The basic parameters of spiral bevel gears are shown in Table 1.
Parameters | Driving wheel | Driven wheel |
Number of teeth z | 30 | 76 |
Rotating speed n/(r ∙ min-1) | 20900 | 7626 |
Large end modulus mt/mm | 3.85 | 3.85 |
Pressure angle αn/(°) | 20 | 20 |
Helix angle β/ (°) | 30 | 30 |
Tooth width B/mm | 38.5 | 38.5 |
Axis angle σ/ (°) | 69.77 | 69.77 |
Direction of rotation | Right | Right |
Diameter of dividing circle D/mm | 103.95 | 284.9 |
1) Modeling of Spiral Bevel Gear Pair
According to the local synthesis method proposed by Litvin, three basic processing parameters are preset. On the basis of controlling the meshing quality of spiral bevel gears, the processing parameters of driving gears can be designed and calculated. After determining the cutting parameters of spiral bevel gear, the tooth surface equation of spiral bevel gear can be obtained. Several coordinate points are obtained according to the tooth surface equation, and the surface is fitted in UG software according to these coordinate points to form a tooth surface that is very close to the actual tooth surface.

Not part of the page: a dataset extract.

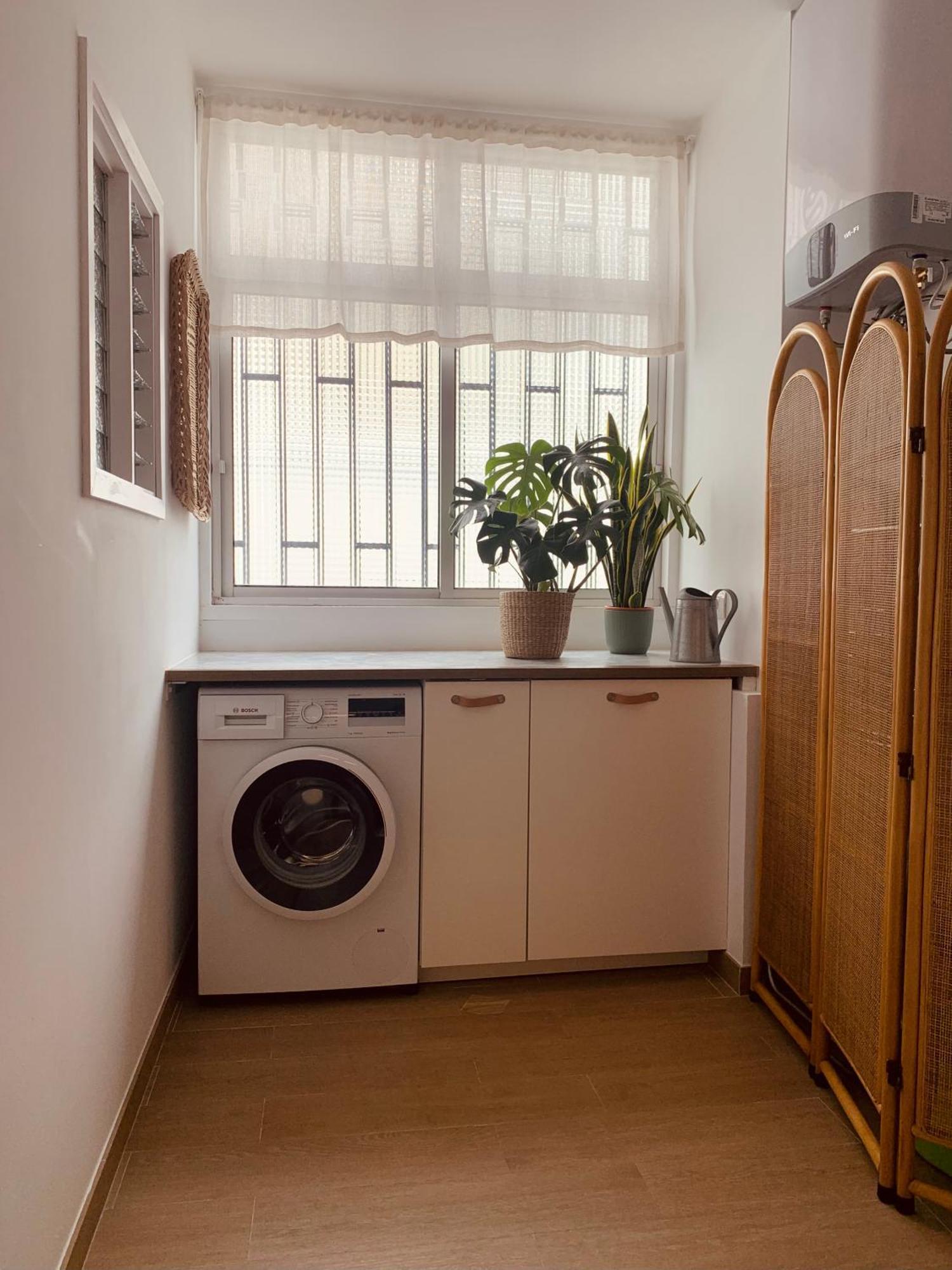 Atico Con Terraza, Vistas Panoramicas Y Parking Apartment Santa Cruz de Tenerife Ngoại thất bức ảnh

In order to simplify the numerical simulation complexity of windage loss and improve the simulation efficiency, it is necessary to simplify the model. The spiral bevel gear shaft is modeled as a solid shaft and all fillets, chamfers, bearings and connectors in the reduction gearbox are ignored. Assemble the modeled driving gear and driven gear. Since the mesh in the meshing area tends to be infinitesimal when the flow field is divided into meshes in the later stage, it is impossible to divide high-quality meshes. Therefore, adjust and properly cut the spiral bevel gear with standard assembly to keep 2-3 layers of boundary layer thickness between the meshing gear teeth. This method can ensure the mesh quality, and it can keep a small gap between the meshing teeth, As the spiral bevel gear is in point engagement, the existence of this kind of micro clearance has very little impact on the actual wind resistance, and can avoid the meshing friction loss caused by the spiral bevel gear engagement in the actual engagement. Only the wind resistance power loss is considered. The final model is shown in Figure 1.
2) Windshield modeling
The structural design of the wind shield is shown in Figure 2. The wind shield is installed between the driven spiral bevel gear and the reduction gearbox, completely covering the driven gear tooth surface, and connected with the bottom of the main reduction gearbox through bolts. The wind shield is made of 45 steel.
3) Flow field modeling
What needs to be concerned is the interaction between the air around the spiral bevel gear and the spiral bevel gear, so it is necessary to extract the flow field inside the reducer. Without considering the influence of the fine structure of the reducer box, the flow field model can be obtained from the reducer box and spiral bevel gear pair through Boolean operation. Figure 3 and Figure 4 below are sectional views of the simplified flow field calculation model inside the gearbox. Figure 3 shows the flow field calculation model without a wind shield, and Figure 4 shows the flow field calculation model with a wind shield; The solid part in the figure is the area between the inner wall of the box and the surface of the spiral bevel gear pair, that is, the flow field calculation domain. The hollow part is the spiral bevel gear pair and the wind shield entity. This part does not participate in the fluid control volume calculation.